En un capítulo de su Regla, Benito recuerda al cillerero del monasterio que «una buena palabra vale más que un regalo». Cuando a un hermano que ha pedido pide algo «poco razonable» se le niega lo que pide, la palabra amable transforma un gesto formal de negación en palabra de afirmación que supera nuestras limitadas posibilidades de bien. Cooperamos de ese modo al «sí» de Cristo. Él excede toda medida de bien.


Quien más, quien menos, ha tenido experiencia de que personas alejadas de todo «lugar común» y de la estima plural, en situaciones extremas sin salida real aparente, hayan sido un cauce para la esperanza. Tampoco en estas su donación nació de un cálculo humano. Al que de esta forma ha sido prójimo con su prójimo, un salmo bíblico (Sal 111) le da el nombre de «justo». Quien ha sido «luz» en medio de la resistente tiniebla, merece la alabanza de «los justos».


En la escuela del Amor, no obstante, no faltan las «espinas de los escándalos»: Mantener la unidad entre los hermanos depende del empeño mutuo y sincero en la reconciliación.
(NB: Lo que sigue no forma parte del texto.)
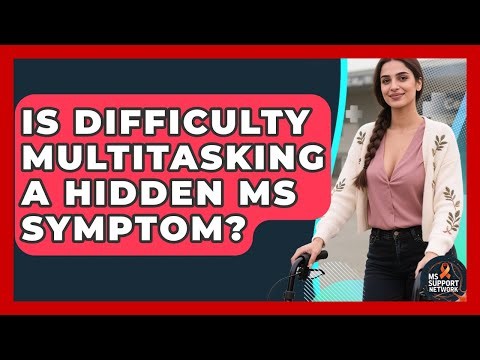 Is Difficulty Multitasking A Hidden MS Symptom? - MS Support Network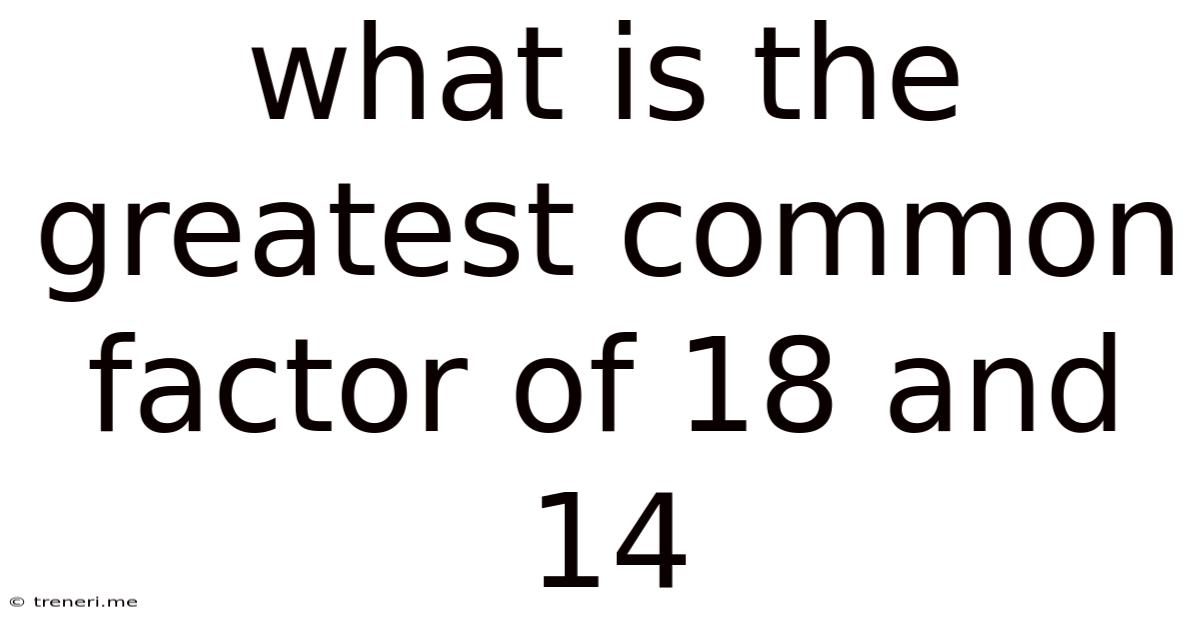 What Is The Greatest Common Factor Of 18 And 14
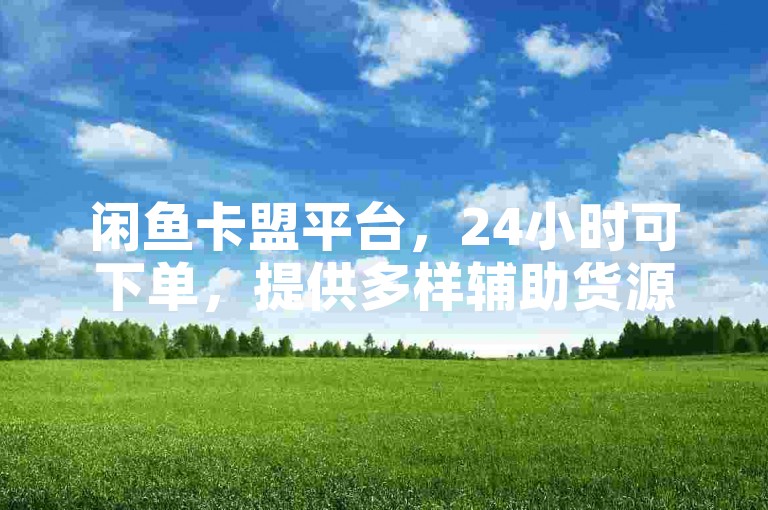 闲鱼卡盟平台，24小时可下单，提供多样辅助货源。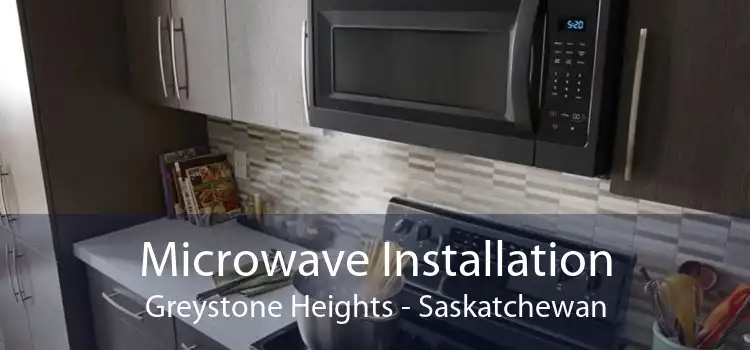 Microwave Installation Greystone Heights - Saskatchewan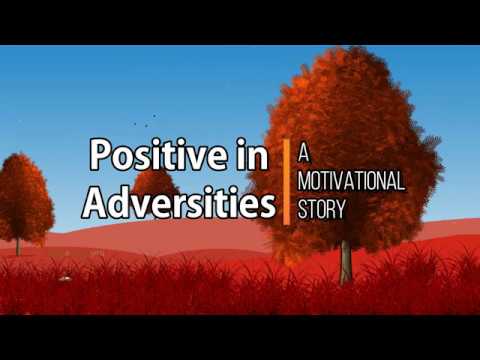 How to Handle Adversity - A Motivational Story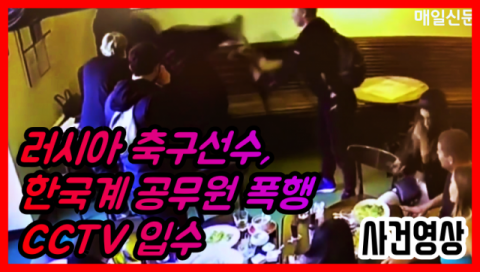 러시아 축구선수, 한국계 공무원 폭행 장면 담긴 CCTV에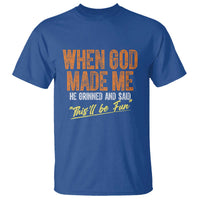Funny When God Made Me He Grinned And Said This'll Be Fun T Shirt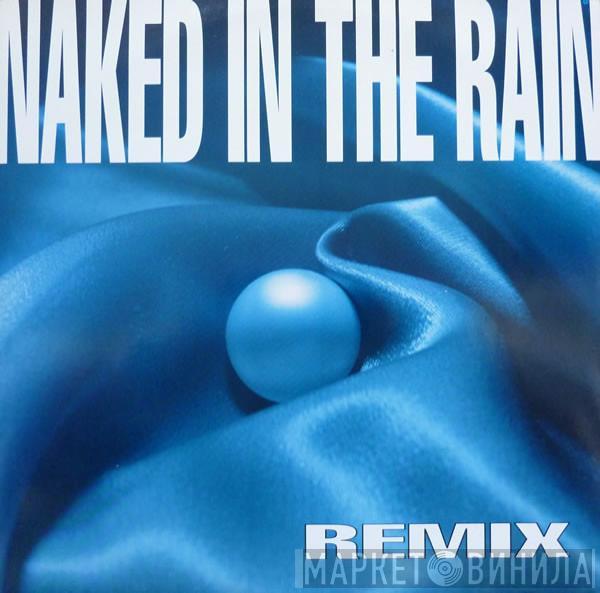 Blue Pearl - Naked In The Rain (Remix)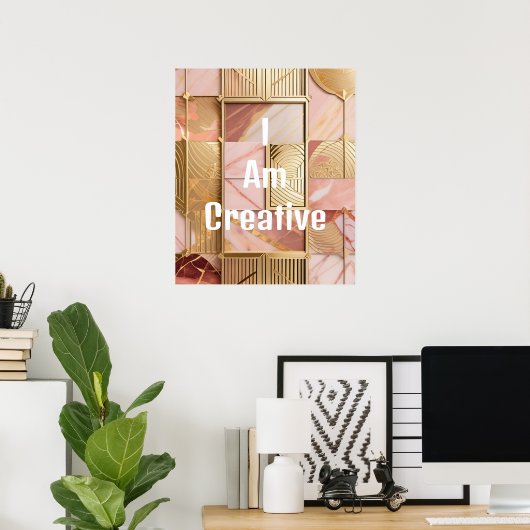 アイアムクリエイティブピーチピンクマーブルゴールドフォイル ポスター (ホームオフィス)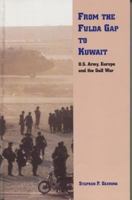 From the Fulda Gap to Kuwait : The U.S. Army, Europe, and the Gulf War' 0160493854 Book Cover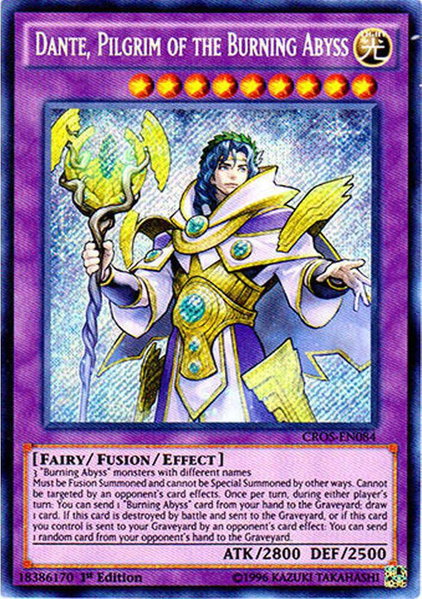 Dante, Pilgrim of the Burning Abyss trading card from Crossed Souls Dante, Pilgrim of the Burning Abyss - Crossed Souls YuGiOh trading card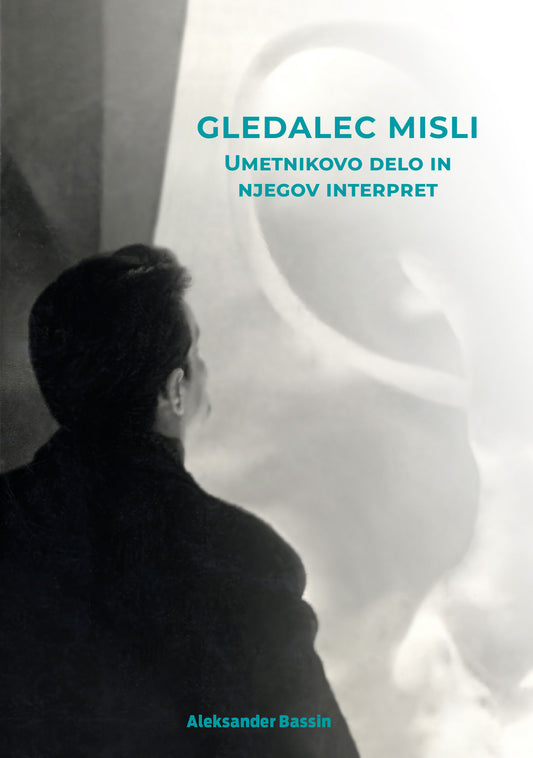 Aleksander Bassin / Gledalec misli. Umetnikovo delo in njegov interpret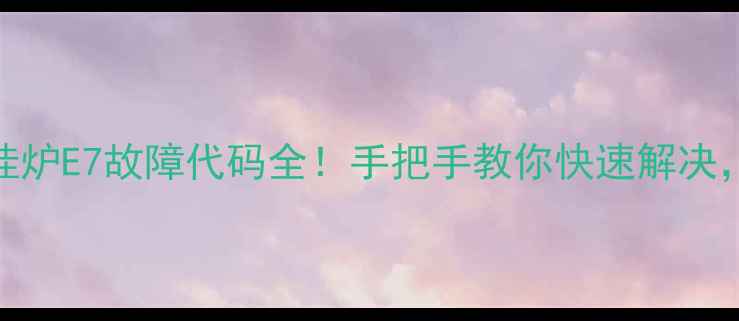 图片 贝司特燃气壁挂炉E7故障代码全！手把手教你快速解决，冬季供暖不愁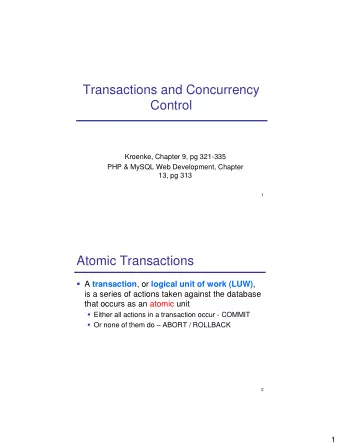 Transactions and Concurrency  Control  Kroenke, Chapter 9, pg 321-335  PHP &amp; MySQL Web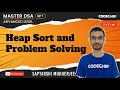 HeapSort and Problem Solving Heapify Ep 7 Master DSA Advance Level Saptarshi CodeChef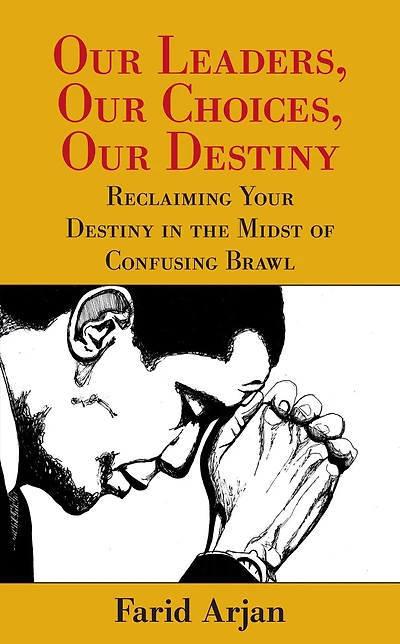 Our Leaders, Our Choices, Our Destiny: Reclaiming Your Destiny in the Midst of Confusing Brawl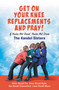 Get on Your Knee Replacements and Pray! (If You're Not Dead, You're Not Done) by Kris Kandel Schwambach, Karen Kandel Kizlin, Kathie Kandel Poe, Linda Kandel Mason, 9781546010197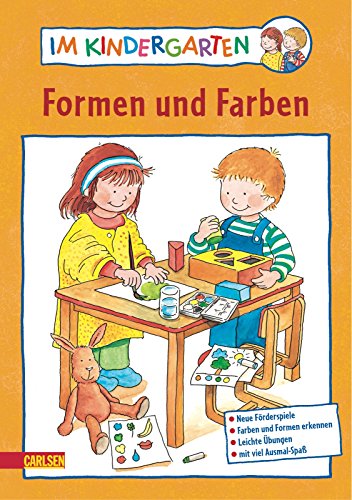 Im Kindergarten: Formen und Farben: Neue Förderspiele. Farben und Formen erkennen. Leichte Übungen. Mit viel Ausmal-Spaß - Hanna Sörensen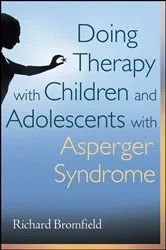 Book cover of Doing Therapy with Children and Adolescents with Asperger Syndrome by Richard Bromfield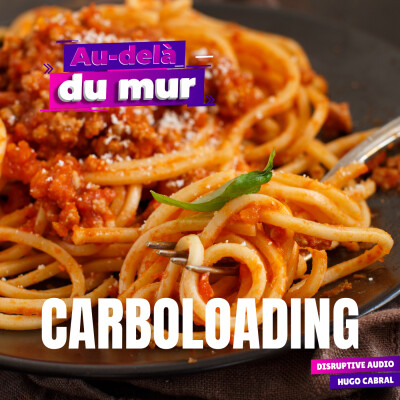 99 - Carboloading : comment bien manger avant une course ? cover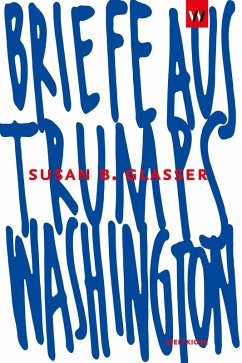 Briefe aus Trumps Washington (eBook, ePUB) - Glasser, Susan B.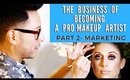 The Business Behind Makeup Artistry -MARKETING #MondayMakeupChat | mathias4makeup
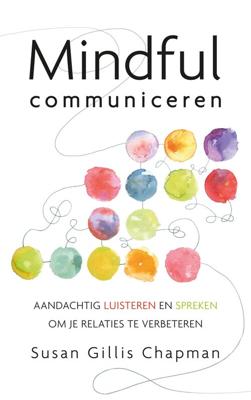 Mindful communiceren - Susan Gillis Chapman - ebook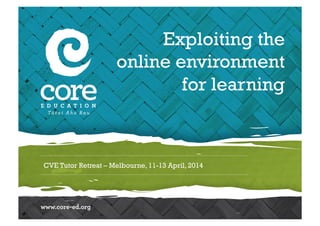 CVE Tutor Retreat – Melbourne, 11-13 April, 2014
Exploiting the
online environment
for learning
 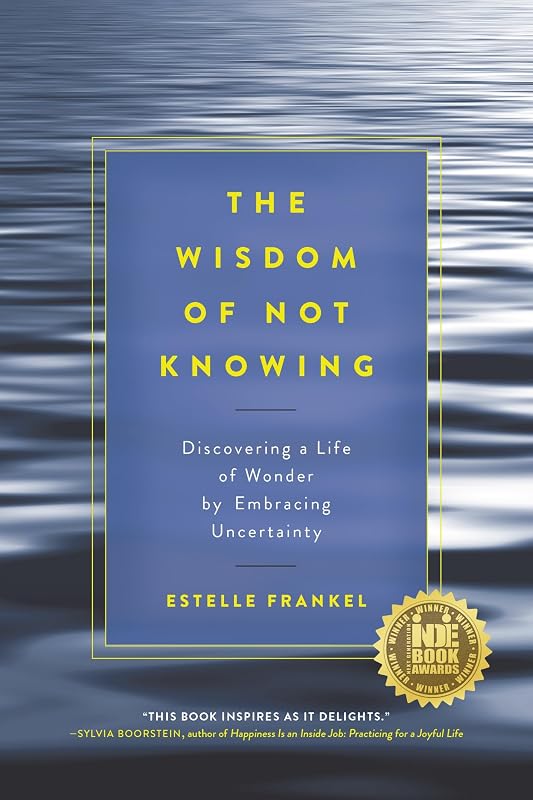 The Wisdom of Not Knowing: Discovering a Life of Wonder by Embracing Uncertainty by Estelle Frankel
Por eso, para que desaparezcan de la comunidad las espinas de los escándalos, los hermanos no guardarán resentimiento alguno, sino que harán las paces lo antes posible con el hermano en discordia. (Const. 15.1).


Benito anima a hacer prontamente las paces con el hermano en discordia. Esto no siempre se logra. Cuando la discordia ha sembrado heridas, una situación así puede traducirse en años de desencuentro. Aunque se respeten algunas reglas de cortesía en el trato, esta experiencia de incomunicación y de vacío lleva a una muerte parcial del alma: lo que un autor contemporáneo llamó la noche oscura del cenobita. Todos hemos pasado por ella. Y, en ocasiones, no hemos quedado ilesos…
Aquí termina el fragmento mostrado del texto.